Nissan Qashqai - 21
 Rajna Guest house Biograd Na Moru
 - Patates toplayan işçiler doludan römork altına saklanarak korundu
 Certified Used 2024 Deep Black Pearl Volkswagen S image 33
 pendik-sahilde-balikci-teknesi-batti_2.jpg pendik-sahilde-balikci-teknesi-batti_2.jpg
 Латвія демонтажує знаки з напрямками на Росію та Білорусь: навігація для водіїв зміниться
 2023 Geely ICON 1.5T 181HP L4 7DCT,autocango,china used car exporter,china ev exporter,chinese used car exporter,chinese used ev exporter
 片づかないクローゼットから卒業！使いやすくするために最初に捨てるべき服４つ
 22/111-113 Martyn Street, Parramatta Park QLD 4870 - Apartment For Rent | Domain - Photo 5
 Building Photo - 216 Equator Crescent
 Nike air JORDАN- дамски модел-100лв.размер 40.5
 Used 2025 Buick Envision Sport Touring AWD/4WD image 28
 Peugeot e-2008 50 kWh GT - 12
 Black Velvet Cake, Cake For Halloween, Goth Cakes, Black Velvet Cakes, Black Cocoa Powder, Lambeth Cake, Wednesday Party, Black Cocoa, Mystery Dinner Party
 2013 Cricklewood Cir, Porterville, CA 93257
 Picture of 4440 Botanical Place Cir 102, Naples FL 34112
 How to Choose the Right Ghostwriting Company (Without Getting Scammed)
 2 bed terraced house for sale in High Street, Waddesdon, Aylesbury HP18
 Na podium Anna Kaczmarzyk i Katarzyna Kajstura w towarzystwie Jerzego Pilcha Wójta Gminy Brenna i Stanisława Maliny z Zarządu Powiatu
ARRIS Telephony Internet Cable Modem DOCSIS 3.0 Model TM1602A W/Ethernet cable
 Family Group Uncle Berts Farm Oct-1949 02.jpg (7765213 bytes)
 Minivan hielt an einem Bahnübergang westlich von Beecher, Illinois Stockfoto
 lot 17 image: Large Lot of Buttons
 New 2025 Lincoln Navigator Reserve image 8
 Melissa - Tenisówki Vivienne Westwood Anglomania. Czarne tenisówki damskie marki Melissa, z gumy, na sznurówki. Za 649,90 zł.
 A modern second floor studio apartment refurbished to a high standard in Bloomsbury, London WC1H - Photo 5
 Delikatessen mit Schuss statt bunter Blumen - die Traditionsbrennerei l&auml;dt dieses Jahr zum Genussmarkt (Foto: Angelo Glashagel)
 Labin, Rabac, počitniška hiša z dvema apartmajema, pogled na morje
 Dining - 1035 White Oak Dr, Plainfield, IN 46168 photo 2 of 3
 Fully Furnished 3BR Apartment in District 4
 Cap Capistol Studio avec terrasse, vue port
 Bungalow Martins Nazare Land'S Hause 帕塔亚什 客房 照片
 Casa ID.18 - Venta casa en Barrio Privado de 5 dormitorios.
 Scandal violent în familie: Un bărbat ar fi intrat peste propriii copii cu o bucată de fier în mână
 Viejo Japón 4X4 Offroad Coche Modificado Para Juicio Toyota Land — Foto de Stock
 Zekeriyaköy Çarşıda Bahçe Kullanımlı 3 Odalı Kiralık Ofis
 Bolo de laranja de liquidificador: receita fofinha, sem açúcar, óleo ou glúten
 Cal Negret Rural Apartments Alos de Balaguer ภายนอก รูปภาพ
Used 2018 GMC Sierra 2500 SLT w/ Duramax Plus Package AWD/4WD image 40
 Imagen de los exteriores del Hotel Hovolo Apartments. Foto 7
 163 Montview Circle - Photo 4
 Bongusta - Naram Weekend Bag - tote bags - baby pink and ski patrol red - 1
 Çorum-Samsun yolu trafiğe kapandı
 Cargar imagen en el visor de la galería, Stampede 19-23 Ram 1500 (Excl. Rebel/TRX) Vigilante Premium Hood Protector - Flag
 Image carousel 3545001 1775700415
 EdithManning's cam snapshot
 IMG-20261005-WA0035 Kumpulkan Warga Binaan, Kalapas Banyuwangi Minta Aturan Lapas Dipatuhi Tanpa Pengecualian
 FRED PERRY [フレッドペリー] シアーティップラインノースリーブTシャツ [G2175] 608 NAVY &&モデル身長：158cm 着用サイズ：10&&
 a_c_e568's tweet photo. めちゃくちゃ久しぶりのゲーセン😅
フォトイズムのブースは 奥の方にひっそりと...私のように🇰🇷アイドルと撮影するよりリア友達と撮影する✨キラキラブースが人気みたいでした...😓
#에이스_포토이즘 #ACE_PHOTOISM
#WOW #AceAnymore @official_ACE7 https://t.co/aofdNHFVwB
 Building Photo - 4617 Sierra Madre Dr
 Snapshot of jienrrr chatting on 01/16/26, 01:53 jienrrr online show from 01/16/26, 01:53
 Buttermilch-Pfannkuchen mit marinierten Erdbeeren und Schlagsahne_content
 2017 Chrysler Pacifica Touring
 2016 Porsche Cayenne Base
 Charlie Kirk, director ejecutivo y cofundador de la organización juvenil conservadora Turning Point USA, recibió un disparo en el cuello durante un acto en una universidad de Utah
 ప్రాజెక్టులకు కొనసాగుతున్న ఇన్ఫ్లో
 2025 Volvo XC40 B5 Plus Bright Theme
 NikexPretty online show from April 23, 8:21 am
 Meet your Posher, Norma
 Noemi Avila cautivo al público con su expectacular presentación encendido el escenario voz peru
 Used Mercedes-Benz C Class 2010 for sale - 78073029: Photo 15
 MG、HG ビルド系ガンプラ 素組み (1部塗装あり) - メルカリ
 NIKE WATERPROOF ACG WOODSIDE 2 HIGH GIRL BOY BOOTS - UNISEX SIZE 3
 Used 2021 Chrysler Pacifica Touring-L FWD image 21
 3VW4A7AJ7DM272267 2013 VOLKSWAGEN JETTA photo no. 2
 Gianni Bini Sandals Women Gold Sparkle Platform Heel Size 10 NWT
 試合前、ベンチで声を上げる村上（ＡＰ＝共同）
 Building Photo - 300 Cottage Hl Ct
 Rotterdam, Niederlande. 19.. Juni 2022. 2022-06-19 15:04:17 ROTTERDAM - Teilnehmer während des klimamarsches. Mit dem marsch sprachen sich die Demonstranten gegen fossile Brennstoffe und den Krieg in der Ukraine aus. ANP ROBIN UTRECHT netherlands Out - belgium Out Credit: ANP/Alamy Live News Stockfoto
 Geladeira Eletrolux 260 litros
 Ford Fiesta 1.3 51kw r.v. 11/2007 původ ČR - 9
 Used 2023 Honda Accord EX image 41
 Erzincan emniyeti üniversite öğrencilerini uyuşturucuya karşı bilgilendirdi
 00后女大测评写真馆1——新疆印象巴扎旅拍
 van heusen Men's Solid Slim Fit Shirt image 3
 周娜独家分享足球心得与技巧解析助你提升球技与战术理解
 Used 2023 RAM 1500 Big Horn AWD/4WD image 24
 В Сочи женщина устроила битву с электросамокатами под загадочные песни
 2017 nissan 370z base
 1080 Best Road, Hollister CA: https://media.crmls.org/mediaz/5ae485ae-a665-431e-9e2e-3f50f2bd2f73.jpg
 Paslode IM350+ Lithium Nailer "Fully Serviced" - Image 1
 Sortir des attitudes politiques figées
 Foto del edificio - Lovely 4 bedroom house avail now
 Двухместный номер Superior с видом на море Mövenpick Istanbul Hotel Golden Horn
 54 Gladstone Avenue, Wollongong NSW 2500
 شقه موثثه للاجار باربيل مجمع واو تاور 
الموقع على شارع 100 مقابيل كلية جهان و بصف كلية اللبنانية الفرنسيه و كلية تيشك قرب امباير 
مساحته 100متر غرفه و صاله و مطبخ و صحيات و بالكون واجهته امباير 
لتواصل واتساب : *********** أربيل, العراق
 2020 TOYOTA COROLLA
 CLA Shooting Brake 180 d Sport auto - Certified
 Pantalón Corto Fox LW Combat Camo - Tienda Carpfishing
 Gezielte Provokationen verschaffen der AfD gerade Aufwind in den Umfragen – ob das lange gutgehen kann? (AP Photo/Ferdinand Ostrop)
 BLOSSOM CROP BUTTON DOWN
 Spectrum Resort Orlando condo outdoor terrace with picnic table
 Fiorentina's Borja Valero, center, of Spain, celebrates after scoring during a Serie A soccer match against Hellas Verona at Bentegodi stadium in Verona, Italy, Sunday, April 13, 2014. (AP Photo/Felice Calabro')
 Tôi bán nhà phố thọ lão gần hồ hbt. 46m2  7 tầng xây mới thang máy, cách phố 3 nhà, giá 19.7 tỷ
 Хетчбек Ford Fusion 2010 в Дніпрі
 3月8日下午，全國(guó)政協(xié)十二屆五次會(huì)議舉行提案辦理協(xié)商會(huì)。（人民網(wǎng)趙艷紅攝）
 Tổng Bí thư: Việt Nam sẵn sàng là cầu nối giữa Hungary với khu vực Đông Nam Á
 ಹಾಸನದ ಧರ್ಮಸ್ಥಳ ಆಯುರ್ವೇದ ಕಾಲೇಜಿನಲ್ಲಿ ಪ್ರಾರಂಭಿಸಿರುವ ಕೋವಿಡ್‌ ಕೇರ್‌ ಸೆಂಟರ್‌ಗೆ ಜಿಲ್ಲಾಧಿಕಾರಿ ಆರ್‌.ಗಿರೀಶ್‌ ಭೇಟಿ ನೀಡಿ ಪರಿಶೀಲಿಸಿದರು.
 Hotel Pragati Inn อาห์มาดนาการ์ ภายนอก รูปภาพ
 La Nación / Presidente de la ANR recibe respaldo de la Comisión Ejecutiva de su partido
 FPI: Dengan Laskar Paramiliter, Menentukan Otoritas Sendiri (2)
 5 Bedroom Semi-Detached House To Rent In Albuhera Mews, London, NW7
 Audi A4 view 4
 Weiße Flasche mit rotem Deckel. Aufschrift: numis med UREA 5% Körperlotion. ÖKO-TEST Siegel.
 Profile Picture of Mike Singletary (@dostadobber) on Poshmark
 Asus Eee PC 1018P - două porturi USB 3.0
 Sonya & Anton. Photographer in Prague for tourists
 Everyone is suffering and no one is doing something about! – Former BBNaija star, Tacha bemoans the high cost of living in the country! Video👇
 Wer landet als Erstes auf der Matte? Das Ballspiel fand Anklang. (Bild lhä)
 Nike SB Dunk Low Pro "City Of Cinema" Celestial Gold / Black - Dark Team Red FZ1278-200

::::::

Task description: Going back to the entries above, set down exactly the lines that begin at the one with "Fully Furnished 3BR Apartment in District 4" and end at the one with "Zekeriyaköy Çarşıda Bahçe", both included, and nothing else.

Response:
 Fully Furnished 3BR Apartment in District 4
 Cap Capistol Studio avec terrasse, vue port
 Bungalow Martins Nazare Land'S Hause 帕塔亚什 客房 照片
 Casa ID.18 - Venta casa en Barrio Privado de 5 dormitorios.
 Scandal violent în familie: Un bărbat ar fi intrat peste propriii copii cu o bucată de fier în mână
 Viejo Japón 4X4 Offroad Coche Modificado Para Juicio Toyota Land — Foto de Stock
 Zekeriyaköy Çarşıda Bahçe Kullanımlı 3 Odalı Kiralık Ofis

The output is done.